Like TwoTone above, I think many of us worked really hard to reduce weight in order to make bike riding more enjoyable for our kids. And the biggest offender of weight on a kids bike is typically in the wheels. Now if these are 25 pound rigid 24" kids bikes going to be ridden on typical normal mountain bike trails, no thanks. My kid wanted a suspension fork, decent gearing, and the ability to ride his bike up hills without walking. That Giant has an 11-36 with 32t chainring. Not exactly hill friendly gearing compared to what's now available.

Many parts of the world are flat though, have sand, and I think these bikes are perfect for that type of riding. If you want your kid to ride mountain bikes with you, serious weight reduction will need to happen, and they wheels are the biggest part to drop this weight. Unfortunately 24" PLUS weight reduction technology just isn't quite there yet with lighter tires and rims.


----------



## natepac (Dec 5, 2007)

I see what you're saying about the weight, but his 20in giant xtc weights 25.5lbs. Figured this one likely weighs the same due to non bolt on wheels and aluminium fork instead of steel fork and quill. I have also been looking at the clearly merkat with suspension fork.


----------



## natepac (Dec 5, 2007)

natepac said:


> I see what you're saying about the weight, but his 20in giant xtc weights 25.5lbs. Figured this one likely weighs the same due to non bolt on wheels and aluminium fork instead of steel fork and quill. I have also been looking at the clearly merkat with suspension fork.


The local shop got several of these in. They weigh 25lbs 11ozwhich is slightly heavier than his current 20in xtc at 25lbs 5oz It has a very low standover height at 21in.

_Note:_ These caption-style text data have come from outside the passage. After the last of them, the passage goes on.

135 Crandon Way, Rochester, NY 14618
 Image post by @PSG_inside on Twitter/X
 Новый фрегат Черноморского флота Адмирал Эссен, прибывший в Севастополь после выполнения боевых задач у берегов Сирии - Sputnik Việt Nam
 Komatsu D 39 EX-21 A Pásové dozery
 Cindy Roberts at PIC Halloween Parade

Larger diameter wheels with large volume tires for minimal weight gain seems to be a winner.


----------



## HEMIjer (Jul 17, 2008)

About to pull the trigger on a 24" wheel bikes for daughter as well this and the riprock our on the list. I definitely want something that will inspire some conifidence in her for riding over roots, rocks, and loose downs. Which as a MTBer has me think decent width tire, disc brakes, lower gearing maybe tubeless ready. Also add lower standover height for her.

Not seeing much that fits that spec though. Ideally I think kids bike with shorter cranks, 28t with 11-36 gearing (for short cage rear D), presta drilled wheels, maybe 2.3-2.4 tires with nice side knobs would be a great all around bike for 8-12 year olds. Surprised I am not seeing much hence leaning towards the plus bike. 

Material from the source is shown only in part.